La carta dei vini dovrebbe essere strutturata come un'opera teatrale. Un vino spumante apre la scena, stimolando l'appetito. Se vengono serviti diversi vini bianchi, un bianco invecchiato in botte dovrebbe seguire quelli fruttati e leggeri. I vini invecchiati in botte tendono ad avere un contenuto alcolico più alto e aromi tostati che possono sovrastare la freschezza dei vini più delicati. Per i vini rossi, è consigliabile iniziare con quelli giovani, fruttati e meno tannici, per poi passare a quelli più corposi.

Il finale, infine, dovrebbe essere caratterizzato da un elegante "downshifting". Dopo aver consumato diversi vini, l'ebbrezza della tavola potrebbe essere aumentata, quindi è meglio offrire una pausa rinfrescante al palato e agli ospiti. Un altro vino spumante o, meglio ancora, un Riesling fruttato della Mosella con il suo basso contenuto alcolico possono fare miracoli in questo momento.

4. Osserva la disposizione dei posti a sedere

Quando gli ospiti possono scegliere il proprio posto, tendono a cercare la sicurezza, come osserva Kapagiannidou. In altre parole, si siedono accanto alle persone con cui si sentono più a loro agio, il che crea un'atmosfera rilassata. Tuttavia, se vuoi mettere insieme persone che non si conoscono, come tuo zio e il fidanzato di tua sorella, puoi organizzare tu la disposizione dei posti. In questo caso, il galateo è il tuo alleato: l'ospite d'onore dovrebbe sedersi alla destra del padrone di casa o alla sinistra della padrona di casa, se l'ospite è uomo. I noti lamentatori dovrebbero sedersi vicino a ospiti divertenti, che possano sollevare l'umore. I "divertenti" esagerati, invece, dovrebbero evitare di sedersi accanto, per non risultare stancanti per tutti. Tradizionalmente, le coppie non sposate si siedono insieme, mentre quelle sposate, che già si conoscono bene, si siedono separatamente. Infine, l'ospite d'onore non deve sedersi a capotavola, posto che spetta sempre al padrone di casa.

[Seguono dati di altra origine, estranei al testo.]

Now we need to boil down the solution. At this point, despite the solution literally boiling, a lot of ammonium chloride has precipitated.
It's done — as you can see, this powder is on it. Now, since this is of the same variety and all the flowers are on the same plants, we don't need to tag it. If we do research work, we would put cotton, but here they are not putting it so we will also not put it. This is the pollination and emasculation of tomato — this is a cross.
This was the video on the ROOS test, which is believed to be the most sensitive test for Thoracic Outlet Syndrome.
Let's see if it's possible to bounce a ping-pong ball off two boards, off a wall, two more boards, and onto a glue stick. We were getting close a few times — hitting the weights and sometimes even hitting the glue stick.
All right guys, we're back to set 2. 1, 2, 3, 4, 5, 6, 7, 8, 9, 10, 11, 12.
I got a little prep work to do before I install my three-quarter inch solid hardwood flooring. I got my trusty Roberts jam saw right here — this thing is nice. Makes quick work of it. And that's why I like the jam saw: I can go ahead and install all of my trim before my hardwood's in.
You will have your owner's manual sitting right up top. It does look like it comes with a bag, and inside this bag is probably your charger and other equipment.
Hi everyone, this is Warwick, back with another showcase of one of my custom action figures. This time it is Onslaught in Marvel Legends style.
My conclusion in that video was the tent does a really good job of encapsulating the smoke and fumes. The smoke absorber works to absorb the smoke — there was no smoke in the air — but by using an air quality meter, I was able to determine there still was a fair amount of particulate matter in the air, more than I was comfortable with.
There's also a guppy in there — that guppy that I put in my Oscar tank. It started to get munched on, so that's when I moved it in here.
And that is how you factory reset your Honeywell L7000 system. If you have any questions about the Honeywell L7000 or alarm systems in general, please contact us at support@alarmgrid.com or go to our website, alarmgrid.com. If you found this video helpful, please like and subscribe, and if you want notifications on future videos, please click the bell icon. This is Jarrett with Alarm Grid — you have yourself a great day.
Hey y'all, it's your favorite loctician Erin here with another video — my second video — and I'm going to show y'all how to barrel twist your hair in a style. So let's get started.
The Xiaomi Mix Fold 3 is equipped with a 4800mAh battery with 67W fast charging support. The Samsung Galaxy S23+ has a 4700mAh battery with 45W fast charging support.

5. Una portata segreta rende tutto più tranquillo

Molti incidenti in cucina accadono perché si cerca di fare tutto troppo in fretta. Quando si ospita, ogni piatto deve essere perfetto e servito al momento giusto, in quantità abbondanti. Questo può diventare un compito arduo. Un piccolo trucco per gestire la situazione è la "portata intermedia nascosta", come la definisce Kapagiannidou. Si tratta di un piatto semplice e leggero, come un sorbetto, che viene inserito spontaneamente quando la pressione cresce. Mentre gli ospiti si godono questa sorpresa, i padroni di casa possono recuperare il tempo perso senza farlo notare.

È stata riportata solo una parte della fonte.